Le ministère assure qu'aussitôt que la Russie a été informée de la présence des militaires turcs dans la zone, elle a pris "toutes les mesures pour un cessez-le-feu total de la partie syrienne, assurant l'évacuation des morts et des blessés en toute sécurité vers le territoire de la Turquie".

La communauté internationale s'inquiète

Le porte-parole des Nations unies, Stephane Dujarric, a appelé "à un cessez-le-feu immédiat"
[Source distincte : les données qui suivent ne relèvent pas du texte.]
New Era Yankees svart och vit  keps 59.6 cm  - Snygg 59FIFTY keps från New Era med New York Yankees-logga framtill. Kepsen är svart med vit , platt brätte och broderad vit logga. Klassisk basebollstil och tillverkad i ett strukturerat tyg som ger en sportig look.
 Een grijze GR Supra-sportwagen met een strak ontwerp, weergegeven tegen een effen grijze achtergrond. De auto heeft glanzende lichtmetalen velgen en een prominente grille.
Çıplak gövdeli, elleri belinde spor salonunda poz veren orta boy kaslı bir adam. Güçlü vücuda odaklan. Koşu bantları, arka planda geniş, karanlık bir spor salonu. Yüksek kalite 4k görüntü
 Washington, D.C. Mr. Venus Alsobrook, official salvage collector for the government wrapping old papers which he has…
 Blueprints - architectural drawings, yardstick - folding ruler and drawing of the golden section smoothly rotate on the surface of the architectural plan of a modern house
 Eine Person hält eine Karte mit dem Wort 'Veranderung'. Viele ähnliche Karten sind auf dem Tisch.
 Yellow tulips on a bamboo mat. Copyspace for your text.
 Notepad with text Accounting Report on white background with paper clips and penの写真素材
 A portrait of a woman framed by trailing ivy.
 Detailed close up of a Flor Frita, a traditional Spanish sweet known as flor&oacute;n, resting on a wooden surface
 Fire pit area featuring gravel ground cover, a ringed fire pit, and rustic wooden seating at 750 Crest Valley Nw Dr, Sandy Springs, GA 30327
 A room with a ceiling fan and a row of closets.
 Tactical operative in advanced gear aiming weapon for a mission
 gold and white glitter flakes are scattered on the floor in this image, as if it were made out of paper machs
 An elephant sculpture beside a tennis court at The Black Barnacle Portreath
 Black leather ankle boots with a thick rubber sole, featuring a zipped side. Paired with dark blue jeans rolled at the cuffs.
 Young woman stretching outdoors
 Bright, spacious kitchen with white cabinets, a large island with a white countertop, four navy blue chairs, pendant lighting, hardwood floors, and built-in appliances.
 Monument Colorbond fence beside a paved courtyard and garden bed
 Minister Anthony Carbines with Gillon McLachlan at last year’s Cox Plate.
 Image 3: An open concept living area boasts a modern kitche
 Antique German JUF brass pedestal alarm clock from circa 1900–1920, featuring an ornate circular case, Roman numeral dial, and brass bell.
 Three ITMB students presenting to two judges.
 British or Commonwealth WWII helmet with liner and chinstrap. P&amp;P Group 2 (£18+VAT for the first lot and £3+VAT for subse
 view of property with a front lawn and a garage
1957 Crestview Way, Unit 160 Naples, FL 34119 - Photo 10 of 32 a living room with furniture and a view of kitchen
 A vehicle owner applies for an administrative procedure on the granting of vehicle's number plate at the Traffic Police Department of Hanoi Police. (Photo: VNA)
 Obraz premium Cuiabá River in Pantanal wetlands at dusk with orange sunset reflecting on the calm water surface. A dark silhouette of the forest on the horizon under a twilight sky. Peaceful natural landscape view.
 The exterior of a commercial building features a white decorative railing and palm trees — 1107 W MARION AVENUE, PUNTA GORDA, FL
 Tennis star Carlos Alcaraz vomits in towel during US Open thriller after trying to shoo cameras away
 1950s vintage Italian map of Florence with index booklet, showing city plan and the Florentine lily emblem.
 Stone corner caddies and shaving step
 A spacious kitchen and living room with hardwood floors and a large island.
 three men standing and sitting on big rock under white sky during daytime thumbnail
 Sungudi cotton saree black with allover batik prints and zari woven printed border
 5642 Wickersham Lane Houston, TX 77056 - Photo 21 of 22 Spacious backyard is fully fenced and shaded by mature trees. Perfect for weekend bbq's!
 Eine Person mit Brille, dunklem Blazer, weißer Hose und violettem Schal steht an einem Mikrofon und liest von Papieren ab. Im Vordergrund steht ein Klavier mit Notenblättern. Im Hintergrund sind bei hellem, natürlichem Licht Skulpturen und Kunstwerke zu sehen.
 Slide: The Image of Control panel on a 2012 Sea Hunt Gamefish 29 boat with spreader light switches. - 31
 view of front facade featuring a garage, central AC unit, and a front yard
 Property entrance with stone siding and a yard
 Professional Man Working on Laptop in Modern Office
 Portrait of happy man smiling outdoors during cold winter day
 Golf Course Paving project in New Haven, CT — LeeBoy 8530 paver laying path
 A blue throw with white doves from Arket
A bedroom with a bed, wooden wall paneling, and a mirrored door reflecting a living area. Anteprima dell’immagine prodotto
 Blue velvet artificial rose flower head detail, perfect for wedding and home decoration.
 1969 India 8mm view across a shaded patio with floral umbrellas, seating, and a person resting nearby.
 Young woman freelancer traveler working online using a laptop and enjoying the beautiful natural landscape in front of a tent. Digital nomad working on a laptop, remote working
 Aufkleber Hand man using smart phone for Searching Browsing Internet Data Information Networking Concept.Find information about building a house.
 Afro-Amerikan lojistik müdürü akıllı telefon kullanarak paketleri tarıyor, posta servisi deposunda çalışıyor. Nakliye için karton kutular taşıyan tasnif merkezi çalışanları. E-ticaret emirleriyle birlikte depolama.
A défaut d'agir rapidement, le risque d'une escalade encore plus grande augmente d'heure en heure.

Stéphane Dujarric

Lors d'une conversation téléphonique avec le chef de la diplomatie turque, le secrétaire général de l'Otan, Jens Stoltenberg, a condamné les frappes aériennes "aveugles du régime syrien et de son allié russe". Il a "exhorté toutes les parties à une désescalade" et "à éviter que ne s'aggrave davantage la situation humanitaire épouvantable dans la région", selon un porte-parole de l'alliance nord-atlantique. Vendredi matin, Jens Stoltenberg a annoncé une réunion en urgence des ambassadeurs des 29 pays membres de l'organisation. 

"Nous soutenons notre allié de l'Otan, la Turquie, et continuons d'appeler à un arrêt immédiat de cette offensive odieuse du régime d'Al-Assad, de la Russie et des forces soutenues par l'Iran", a déclaré pour sa part un porte-parole du département d'Etat américain.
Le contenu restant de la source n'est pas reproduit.